A survey, commissioned by the 'Communication Champion' Jean Gross, has just revealed that, apparently, nearly one in six children has difficulty learning to talk.
How the word 'difficulty' is defined is not made clear, though in any population, one would expect there to be a quantifiable number of children who make relatively slower progress in learning to talk than others of the same chronological age.
Speech acquisition follows a normal distribution, as does most other human attributes: some learn quicker than others! This is well understood and is not surprising. It only constitutes a problem when children are forced into formal learning situations when they are not developmentally ready for such experiences, as is often the case in the UK for children on the less mature end of the spectrum.
What made me laugh out loud was that 'the survey found that around six in 10 parents believe the ability to talk, listen and understand are the most important skills for children to develop during their early years'. Does this mean that four out of ten didn't?

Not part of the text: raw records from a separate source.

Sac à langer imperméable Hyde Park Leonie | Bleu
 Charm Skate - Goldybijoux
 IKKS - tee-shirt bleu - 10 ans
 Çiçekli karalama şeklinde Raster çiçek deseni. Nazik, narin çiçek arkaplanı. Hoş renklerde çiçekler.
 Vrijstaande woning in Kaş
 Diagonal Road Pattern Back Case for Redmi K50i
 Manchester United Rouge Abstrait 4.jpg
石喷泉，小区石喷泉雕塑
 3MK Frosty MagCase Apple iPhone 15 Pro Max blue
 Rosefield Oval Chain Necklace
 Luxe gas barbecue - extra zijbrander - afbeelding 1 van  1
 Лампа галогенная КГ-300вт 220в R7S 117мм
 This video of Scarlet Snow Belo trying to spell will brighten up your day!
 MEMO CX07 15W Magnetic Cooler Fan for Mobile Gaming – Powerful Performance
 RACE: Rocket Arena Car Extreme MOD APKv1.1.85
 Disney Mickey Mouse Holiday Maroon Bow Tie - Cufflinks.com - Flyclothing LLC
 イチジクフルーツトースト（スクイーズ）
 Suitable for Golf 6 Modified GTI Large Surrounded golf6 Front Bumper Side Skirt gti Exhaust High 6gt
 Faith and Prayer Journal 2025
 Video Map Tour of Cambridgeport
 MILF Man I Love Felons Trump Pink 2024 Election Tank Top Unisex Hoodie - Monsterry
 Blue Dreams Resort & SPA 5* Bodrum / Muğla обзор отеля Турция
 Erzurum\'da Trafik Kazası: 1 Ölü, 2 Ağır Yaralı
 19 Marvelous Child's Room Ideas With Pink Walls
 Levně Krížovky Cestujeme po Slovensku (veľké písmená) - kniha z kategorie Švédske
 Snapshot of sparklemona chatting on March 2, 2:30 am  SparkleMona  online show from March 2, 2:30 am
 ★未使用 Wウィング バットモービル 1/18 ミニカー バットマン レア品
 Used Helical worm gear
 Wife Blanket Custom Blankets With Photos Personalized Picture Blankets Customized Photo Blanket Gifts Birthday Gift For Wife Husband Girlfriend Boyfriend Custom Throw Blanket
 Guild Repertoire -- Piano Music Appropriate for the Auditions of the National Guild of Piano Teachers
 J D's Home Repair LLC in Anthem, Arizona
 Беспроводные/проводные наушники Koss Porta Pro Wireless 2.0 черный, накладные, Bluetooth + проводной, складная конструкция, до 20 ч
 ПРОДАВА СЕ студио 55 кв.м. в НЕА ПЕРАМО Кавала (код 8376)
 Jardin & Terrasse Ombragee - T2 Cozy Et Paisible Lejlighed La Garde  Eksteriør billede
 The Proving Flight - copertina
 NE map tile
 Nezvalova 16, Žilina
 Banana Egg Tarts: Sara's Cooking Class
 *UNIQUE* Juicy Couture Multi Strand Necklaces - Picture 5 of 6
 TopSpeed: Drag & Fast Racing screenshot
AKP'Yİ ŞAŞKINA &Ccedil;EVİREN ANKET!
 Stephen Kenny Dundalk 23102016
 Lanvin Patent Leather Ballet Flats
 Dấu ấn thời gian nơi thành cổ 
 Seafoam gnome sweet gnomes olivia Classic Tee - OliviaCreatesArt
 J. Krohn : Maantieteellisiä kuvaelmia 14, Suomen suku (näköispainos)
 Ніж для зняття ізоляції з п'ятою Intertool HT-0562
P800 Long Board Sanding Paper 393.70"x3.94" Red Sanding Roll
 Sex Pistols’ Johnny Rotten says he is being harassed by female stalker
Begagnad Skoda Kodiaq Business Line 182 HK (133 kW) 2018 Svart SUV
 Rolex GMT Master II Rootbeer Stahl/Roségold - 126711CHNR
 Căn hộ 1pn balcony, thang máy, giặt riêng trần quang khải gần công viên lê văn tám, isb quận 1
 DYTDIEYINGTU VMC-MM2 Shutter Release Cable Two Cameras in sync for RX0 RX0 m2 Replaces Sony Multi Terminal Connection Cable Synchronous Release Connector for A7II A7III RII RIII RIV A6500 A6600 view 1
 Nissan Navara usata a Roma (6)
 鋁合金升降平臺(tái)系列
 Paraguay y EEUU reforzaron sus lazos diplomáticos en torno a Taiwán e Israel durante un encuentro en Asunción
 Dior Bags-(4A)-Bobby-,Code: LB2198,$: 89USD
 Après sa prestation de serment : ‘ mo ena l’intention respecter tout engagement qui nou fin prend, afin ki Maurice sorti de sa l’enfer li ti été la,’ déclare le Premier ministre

Actually, we know what makes meaningful differences in early years vocabulary development. In a longitudinal study done by Betty Hart and Todd Risley* the difference between the 'high vocabulary growth rates in professors’ children and the lower vocabulary rates of children from families in poverty' was accounted for in the amount of talking that went on in families. And, in case you’re wondering, quality of talk was not the issue. Sheer quantity of talk with lots of positive feedback made all the difference.
* Hart, B. and Risley, T.R., (1995), Meaningful Differences in the Everyday Experience of Young American Children, (2007 edition), London, Paul Brookes Pub Co.